#GE24 focus: the Labour manifesto

Labour has confirmed that, if elected, it will “create a partnership between business and trade unions, by implementing Labour’s Plan to Make Work Pay: Delivering a New Deal for Working People in full”.  It will consult fully on implementing its plans before legislating “within the first 100 days”.

We previously considered how Labour’s plans might affect employers. But what else in Keir Starmer’s plan for change could impact your business?
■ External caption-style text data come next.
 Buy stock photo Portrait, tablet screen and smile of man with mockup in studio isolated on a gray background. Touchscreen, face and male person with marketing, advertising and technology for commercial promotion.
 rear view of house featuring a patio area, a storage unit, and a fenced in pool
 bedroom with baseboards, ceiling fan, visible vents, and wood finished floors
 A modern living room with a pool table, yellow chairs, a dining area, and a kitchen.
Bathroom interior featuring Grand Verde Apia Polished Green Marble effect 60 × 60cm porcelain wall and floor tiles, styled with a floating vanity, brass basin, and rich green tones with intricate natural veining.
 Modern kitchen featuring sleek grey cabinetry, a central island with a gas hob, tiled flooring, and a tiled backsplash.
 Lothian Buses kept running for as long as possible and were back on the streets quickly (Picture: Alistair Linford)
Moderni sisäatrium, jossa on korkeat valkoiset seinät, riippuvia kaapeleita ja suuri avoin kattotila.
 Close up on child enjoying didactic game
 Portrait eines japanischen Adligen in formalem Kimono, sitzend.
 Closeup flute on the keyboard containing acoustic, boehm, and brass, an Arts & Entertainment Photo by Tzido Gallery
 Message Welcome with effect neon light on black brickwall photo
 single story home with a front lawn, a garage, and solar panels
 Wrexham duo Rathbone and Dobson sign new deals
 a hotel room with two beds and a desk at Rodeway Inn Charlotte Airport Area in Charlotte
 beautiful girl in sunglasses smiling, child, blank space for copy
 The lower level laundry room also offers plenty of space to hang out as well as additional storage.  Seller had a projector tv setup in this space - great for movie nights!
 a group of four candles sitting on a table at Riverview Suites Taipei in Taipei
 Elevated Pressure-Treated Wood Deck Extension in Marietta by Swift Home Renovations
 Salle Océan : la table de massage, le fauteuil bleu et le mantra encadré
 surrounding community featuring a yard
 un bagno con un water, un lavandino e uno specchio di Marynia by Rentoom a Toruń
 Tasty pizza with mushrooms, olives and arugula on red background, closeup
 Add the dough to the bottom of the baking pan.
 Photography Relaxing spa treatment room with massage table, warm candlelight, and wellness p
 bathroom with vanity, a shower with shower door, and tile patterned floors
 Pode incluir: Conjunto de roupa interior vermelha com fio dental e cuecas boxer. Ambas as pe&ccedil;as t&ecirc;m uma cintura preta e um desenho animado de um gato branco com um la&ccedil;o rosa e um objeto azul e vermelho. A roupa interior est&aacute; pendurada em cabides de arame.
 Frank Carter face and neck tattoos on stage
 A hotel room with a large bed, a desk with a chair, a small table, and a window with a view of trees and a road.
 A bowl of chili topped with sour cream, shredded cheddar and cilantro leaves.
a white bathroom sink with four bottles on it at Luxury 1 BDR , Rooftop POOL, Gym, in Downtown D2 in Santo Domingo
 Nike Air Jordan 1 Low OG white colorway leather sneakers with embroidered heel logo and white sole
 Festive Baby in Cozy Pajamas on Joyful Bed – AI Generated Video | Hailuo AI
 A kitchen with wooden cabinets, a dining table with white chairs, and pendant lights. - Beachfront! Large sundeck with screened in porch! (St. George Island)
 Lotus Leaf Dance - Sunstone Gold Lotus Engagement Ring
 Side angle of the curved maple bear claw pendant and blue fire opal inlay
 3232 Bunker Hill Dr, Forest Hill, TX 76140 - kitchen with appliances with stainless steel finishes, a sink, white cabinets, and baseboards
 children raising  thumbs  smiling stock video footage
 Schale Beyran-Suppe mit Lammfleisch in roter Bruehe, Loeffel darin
Labour plans to reform the points-based immigration system and intends to:

  • Ban employers who breach employment law from hiring workers from abroad.
  • Ensure that migration to address skills shortages triggers a plan to upskill workers and improve working conditions in the UK.
  • Strengthen the Migration Advisory Committee and establish a framework for joint work with skills bodies across the UK, the Industrial Strategy Council, and the DWP.
  • End the long-term reliance on overseas workers in some parts of the economy by introducing workforce and training plans for sectors such as health and social care and construction.

Safer workplaces

Its Plan includes a proposal to ‘review health and safety guidance and regulations with a view to modernising legislation and guidance where it does not fully reflect the modern workplace’.  Labour intends to:

  • Commit to modernising health and safety guidance on extreme temperatures.
  • Work with employers, trade unions, and other stakeholders to support workers’ well-being and long-term physical and mental health.
  • Consider whether existing regulations and guidance are adequate to support and protect those experiencing the symptoms of long-term COVID-19.
  • Ensure health and safety reflects the diversity of the workforce. 
  • Require employers to create and maintain workplaces and working conditions free from harassment, including by third parties and adequately tackle sexual harassment at work.

Training and skills

Labour intends to deepen the devolution settlement for existing Combined Authorities and widen devolution to more areas. As part of this plan, local areas will gain new powers over adult education and skills and employment support. Local leaders will work with major employers, universities, colleges, and industry bodies to produce plans that identify growth sectors and put in place associated programmes and infrastructures.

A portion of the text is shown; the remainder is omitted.